Search code examples
windowsbatch-filewindows-7cmdfindstr

error of finding the total line number of a large text file using the Windows command prompt


I would like to find the total line number of a text file ( > 60 GB) using the Windows command prompt.

I used:

 findstr /R /N "^" file.txt | find /C ":"

But, the returned result is a negative number. Is it overflow? The file have not more than 5 billion lines. For an integer (4 Bytes), its max range is From −2,147,483,648 to 2,147,483,647. So, I need to design a script to count the number by dividing the result with 1000 ?

If yes, please help me with how to design the Windows batch file.


Solution

  • You could try a JScript solution. JavaScript numbers are always a 64-bit float data type, accurate up to 15 digits as integers. It'll take a while though. It takes me about 15 seconds to count the lines in a 100 meg XML file with this script.

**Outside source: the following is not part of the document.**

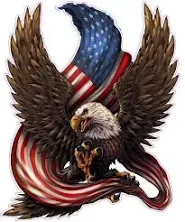 Bald Eagle Worn American Flag Decal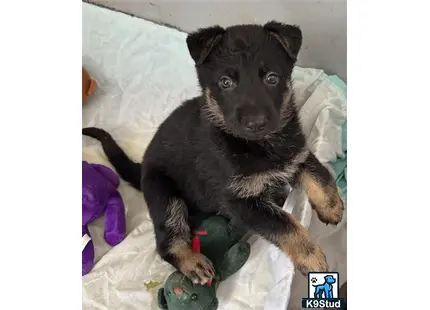 a german shepherd dog lying on a bed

    Edit: Since the float datatype wasn't large enough, I modified the script to use an array as a counter, then output the result as a joined string. As long as fso.OpenTextFile().SkipLine() doesn't choke (for which there is no solution but to try a different language, maybe Python or Perl?), this should work, and hopefully it won't be too expensive a hit on performance. I tested it on a 4.3 gig ISO file and it took about 8 minutes.

    @if (@a==@b) @end /*
    
    :: countlines.bat
    :: usage: countlines.bat filetocount.log
    
    :: batch portion does nothing remarkable
    :: but relaunches itself with jscript interpreter
    @echo off
    
    cscript /nologo /e:jscript "%~f0" "%~f1"
    
    goto :EOF
    
    :: end of batch / begin JScript */
    
    var fso, f, file = WSH.Arguments(0), longVal = [0],
    ForReading = 1, ForWriting = 2, b4 = new Date();
    
    // inherits global array longVal[]
    // increments each element from right to left
    function inc() {
        for (var i=longVal.length - 1; i>=0; i--) {
            if (++longVal[i] == 10) {
                longVal[i] = 0;
                if (!i) {
                    longVal.splice(0, 0, 0);
                    i++;
                }
                continue;
            }
            else break;
        }
    }
    
    fso = new ActiveXObject("Scripting.FileSystemObject");
    f = fso.OpenTextFile(file, ForReading);
    while (!f.AtEndOfStream) {
        f.SkipLine();
        inc();
    }
    WSH.Echo(longVal.join(''));
    f.Close();
    
    var stopwatch = 'Line count completed in ' + ((new Date() - b4) / 1000.0) + 's';
    WSH.StdErr.WriteLine(stopwatch);